嗣至一九五二年,台灣之脫離日本領有權係依據舊金山和平條約的規定。就戰後條約對領土的處理言,舊金山和平條約只規定日本放棄台灣,其後中華民國與日本國的和平條約、中華人民共和國與日本國的復交共同聲明和兩國間友好和平條約,也都看不到台灣歸屬於任何國家的規定,亦即並未以任何條約方式對台澎作戰後的處理。據此以論,台澎之是否歸為中華民國或中華人民共和國、或中國領有,都是否定的。對台灣這樣的戰後處理,使台灣成為事實上獨立的政治實體。這點也影響中華民國憲法適用於台灣的正當性。
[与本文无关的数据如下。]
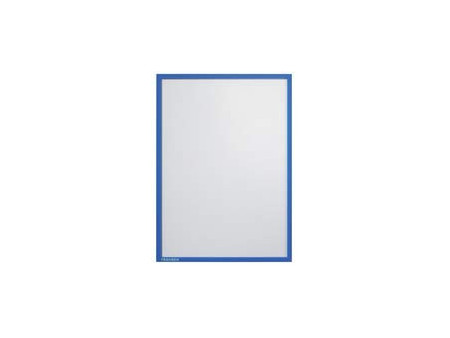 FRANKEN Pochette magnétique Frame It Eco, A4, bleu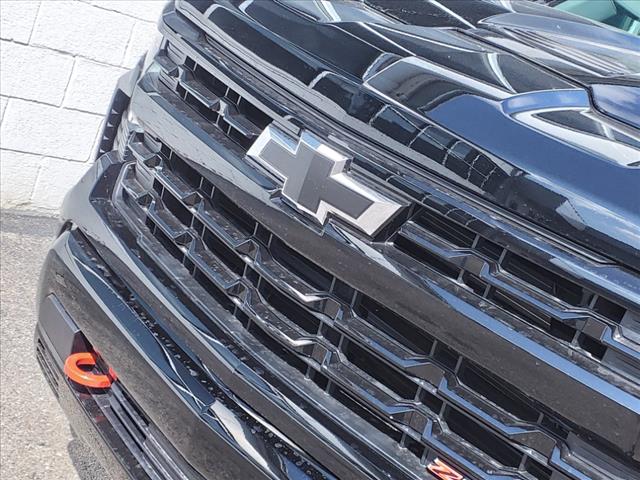 new 2024 Chevrolet Silverado 1500 car, priced at $61,950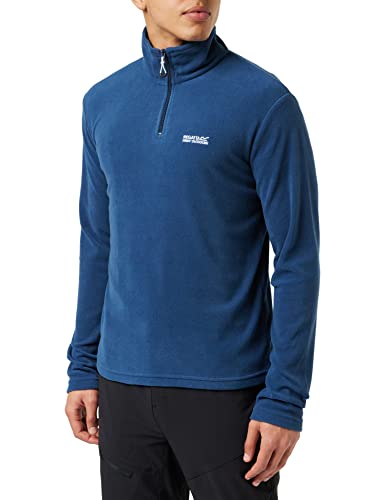 Regatta Herren Thompson Fleece, Admiral Blue, 3X Large von Regatta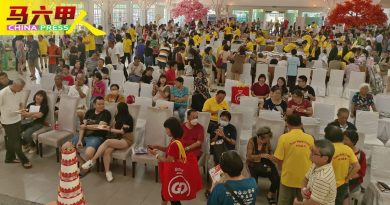 羽恒旅游有限公司13周年庆 感恩大回馈旅游展  反应热烈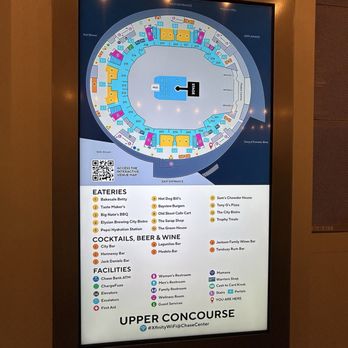 Chase Center - Directory of the area - Stadiums & Arenas Near Me - San Francisco, California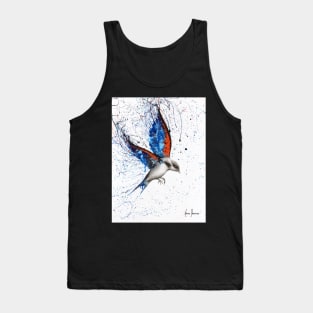 Sunset Sorrento Wings Tank Top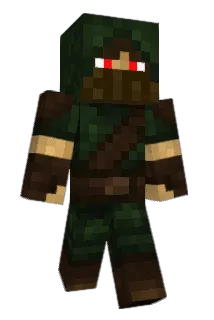 Dydy_le_Fou Minecraft avatar full body
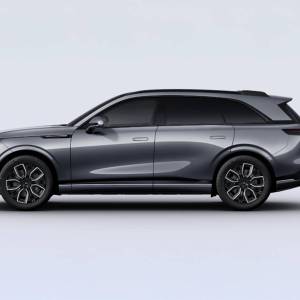 XPENG G9 Standard range RWD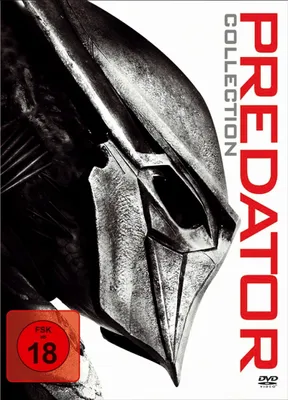 Produktbild von Predators Box 1-3 - Cut
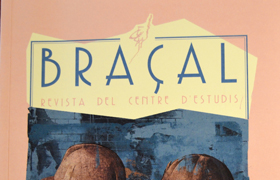 El Centre d’Estudis del Camp de Morvedre va presentar la nova edició de la revista Braçal dedicada a la siderúrgia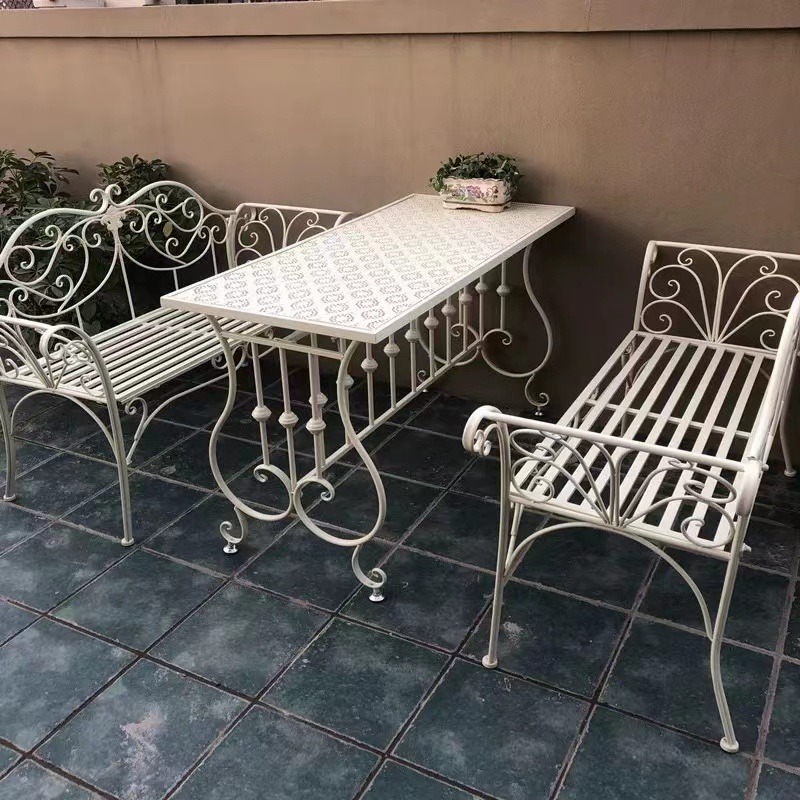 Retro Patio Garden Furniture S - Kids Outdoor Furniture Set ulasan dan harga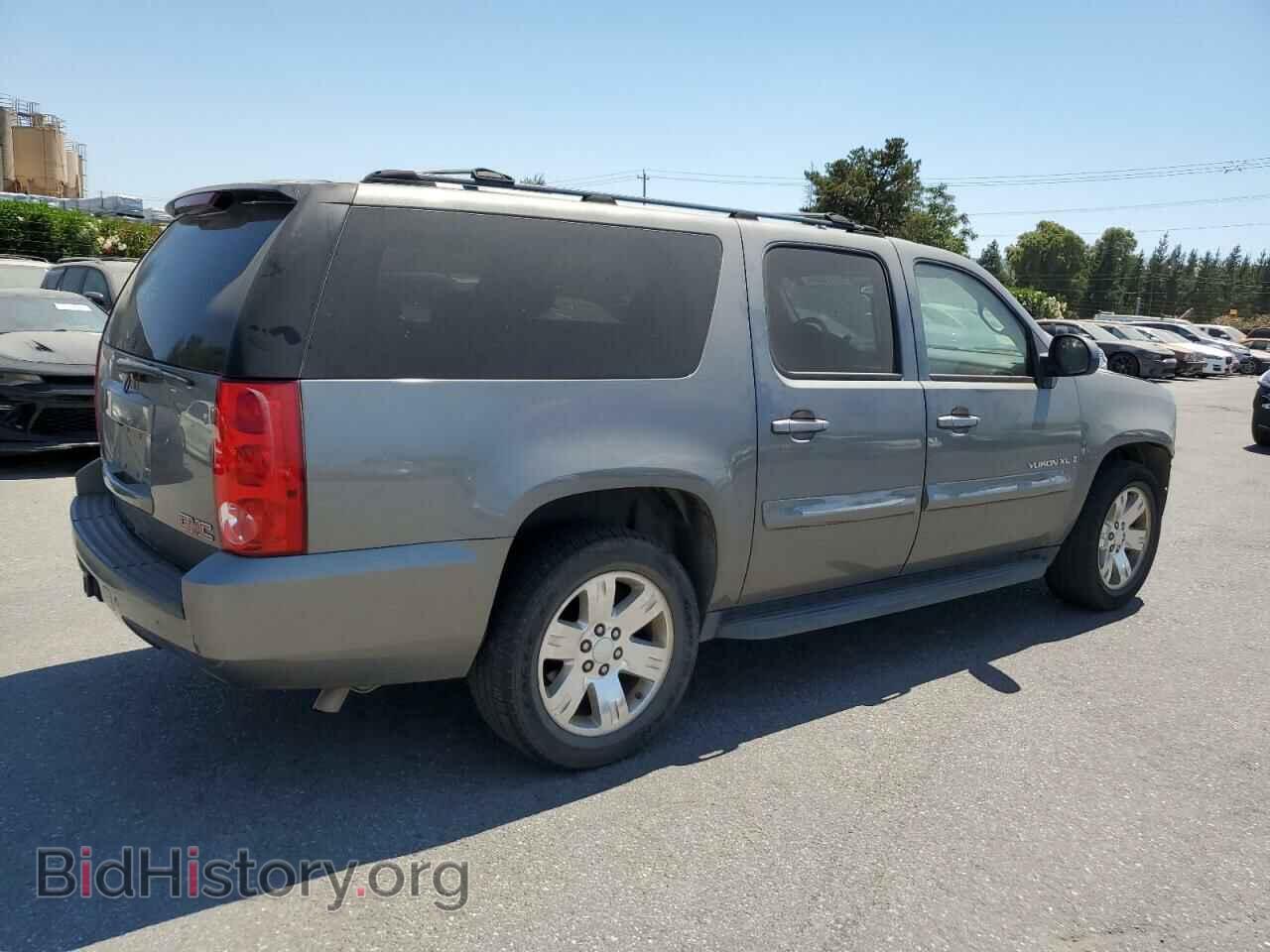 2007 GMC YUKON - VIN: 1GKFC16087J257902 - Фото 3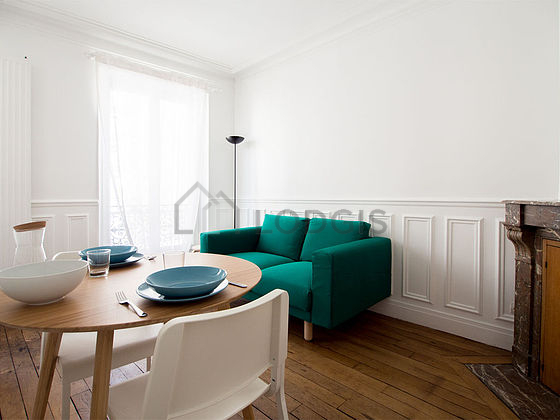 Appartement Paris 18° - 
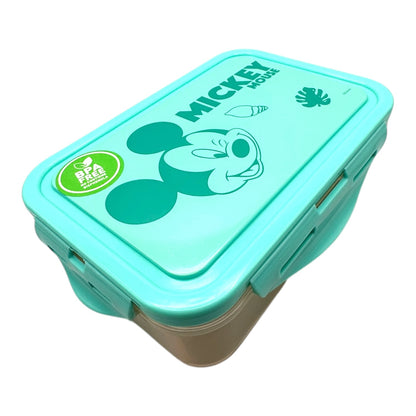 Hermetico Dividido Mickey 700 Ml Summer Disney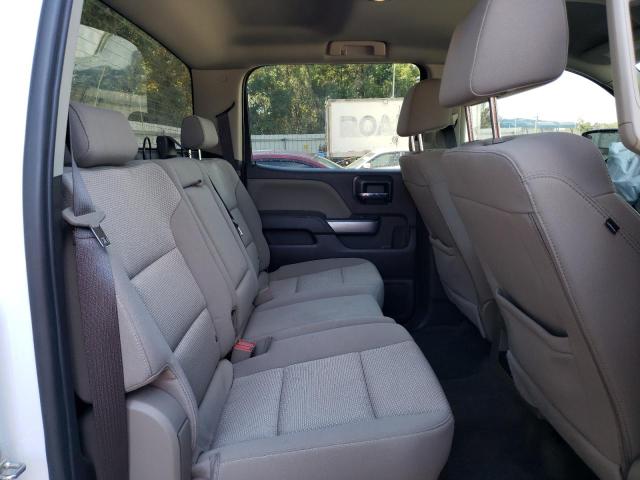 Photo 6 from auction – 2018 CHEVROLET SILVERADO with VIN 3GCUKREC4JG129097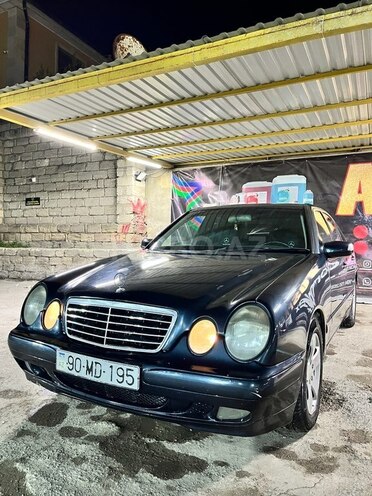 Mercedes E 220 d 2000, 588,000 km - 2.2 l - Bakı
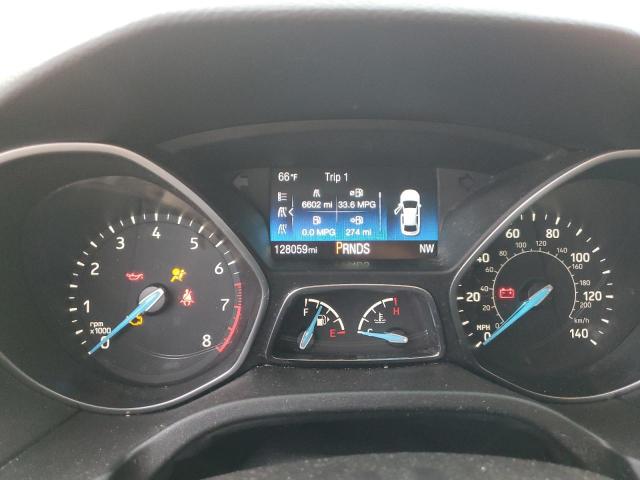 صورة رقم 9 من المزاد - 2017 FORD FOCUS SEL مع VIN 1FADP3H2XHL224641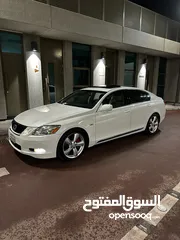  2 للبيع لكزس GS 430 2007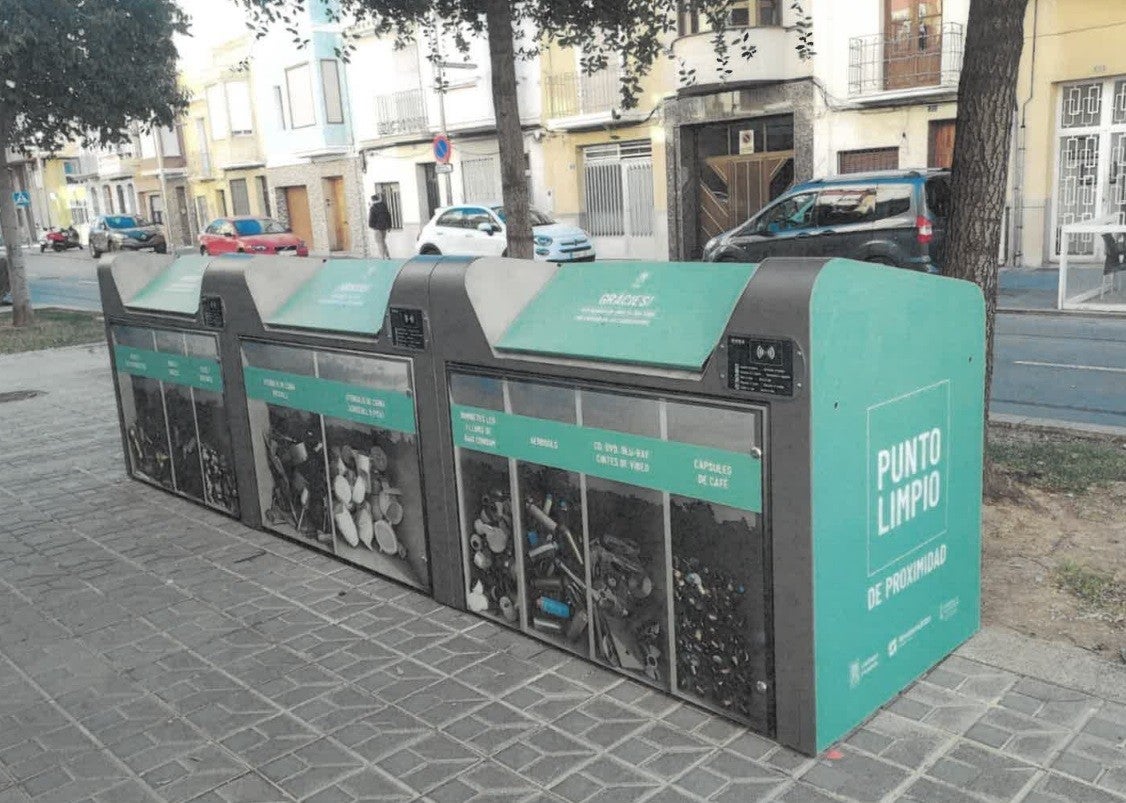 Huesca contará con dos puntos limpios de proximidad en la ciudad Huesca contará con dos puntos limpios de proximidad en la ciudad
更且,嗣至一九七一年聯合國大會通過2758號決議案,驅逐中華民國代表中國在聯合國的席位,確定中華人民共和國政府是代表中國的唯一合法政府,摒棄中華民國爭取代表中國唯一合法政府地位的可能,但並未決定台灣的法律地位,也未明示台灣是中國的一部份。而美國終止對中華民國的承認後,則以制定台灣關係法延續與台灣的關係;不過中華民國流亡政府還是繼續佔領統治台灣。迄至一九九一年四月第一屆國民大會第二次臨時會,議決廢止動員戡亂時期臨時條款,同時議決第二屆國民大會代表全部由非中華人民共和國統治地域人民選出的法源,而於同年年底由台澎金馬人民全面改選第二屆國民大會代表。接著於一九九六年三月,由台澎金馬人民直選國家正副元首;二000年的總統選舉,更使代表舊體制的國民黨政府下台。如此在憲政體制上增加新體制的正當性。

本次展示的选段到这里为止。